I can sit here and think about my school years without even blinking about stuff I did wrong but in the past two years it has changed. When I think back to situations and problems I have had with people etc I see so many thing. Ways to fix the problem, the way I would approach it differently and just how to show more maturity in the situation. I now know why this is. In the past two years I actually knew better than to act like an idiot and be nasty and self domineering. I knew I was doing wrong still I did it... Well now I know better!
I could have been reading is a title I gave for the plain fact that after school I could well have gone to study IT and could well of been finishing my 3rd year this year of IT. But the fact of the matter is I did not and I very happy I did not. Yes I am a geek and Yes I am not crowd attraction but being with people and being able and willing to help them is much more me. I like tech and computers do not get me wrong and I still do get so carried away when I speak about tech, sound etc... but I know it is not to be something that should ever become my study direction. I firmly believe I have to study Theology and I am definitely planning to still do so in the next two years to come.
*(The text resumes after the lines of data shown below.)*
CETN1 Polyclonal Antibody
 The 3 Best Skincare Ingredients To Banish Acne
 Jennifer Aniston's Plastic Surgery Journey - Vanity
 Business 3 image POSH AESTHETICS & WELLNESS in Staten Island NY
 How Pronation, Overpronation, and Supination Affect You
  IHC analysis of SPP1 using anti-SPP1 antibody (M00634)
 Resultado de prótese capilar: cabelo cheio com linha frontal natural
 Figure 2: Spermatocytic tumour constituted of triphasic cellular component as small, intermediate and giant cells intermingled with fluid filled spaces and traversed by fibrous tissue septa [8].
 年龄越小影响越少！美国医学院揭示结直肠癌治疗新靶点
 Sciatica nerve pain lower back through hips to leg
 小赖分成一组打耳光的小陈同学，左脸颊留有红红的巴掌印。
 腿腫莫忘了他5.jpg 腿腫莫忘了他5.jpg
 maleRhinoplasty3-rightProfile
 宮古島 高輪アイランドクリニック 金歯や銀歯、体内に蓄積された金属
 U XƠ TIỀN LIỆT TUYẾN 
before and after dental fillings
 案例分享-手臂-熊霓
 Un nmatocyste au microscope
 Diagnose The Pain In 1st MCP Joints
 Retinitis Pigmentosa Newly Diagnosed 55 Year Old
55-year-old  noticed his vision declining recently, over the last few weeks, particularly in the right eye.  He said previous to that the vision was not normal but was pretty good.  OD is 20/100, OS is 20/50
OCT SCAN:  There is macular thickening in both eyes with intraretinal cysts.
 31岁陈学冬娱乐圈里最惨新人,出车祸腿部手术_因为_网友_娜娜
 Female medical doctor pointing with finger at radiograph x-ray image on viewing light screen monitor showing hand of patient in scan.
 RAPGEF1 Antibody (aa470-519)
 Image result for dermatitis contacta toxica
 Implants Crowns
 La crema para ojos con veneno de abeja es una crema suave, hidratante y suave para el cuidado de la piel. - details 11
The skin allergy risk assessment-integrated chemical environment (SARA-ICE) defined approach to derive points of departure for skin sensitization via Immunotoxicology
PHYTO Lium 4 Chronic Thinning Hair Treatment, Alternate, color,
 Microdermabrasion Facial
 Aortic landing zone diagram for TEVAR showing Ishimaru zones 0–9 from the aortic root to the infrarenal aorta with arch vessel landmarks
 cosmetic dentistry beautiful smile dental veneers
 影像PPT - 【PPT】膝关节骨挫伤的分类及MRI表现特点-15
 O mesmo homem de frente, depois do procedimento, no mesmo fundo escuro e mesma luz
Ok... So more about me and my emotional state. I am doing very well emotionally and God is blessing me more than ever each day. I now have a car, a house and a great place to work and this all God just gave me for free... Well so to speak. My uncle and me have the best relationship of our lives at this stage and it is hands down the biggest highlight of my year so far and will most probably stay except if Barrack Obama decides to adopt me and appoint me IT Head of America and believe me that will never happen.
Well this is me now.... I start working on tuesday but hay I love my work it does not even feel like work.
Chaow!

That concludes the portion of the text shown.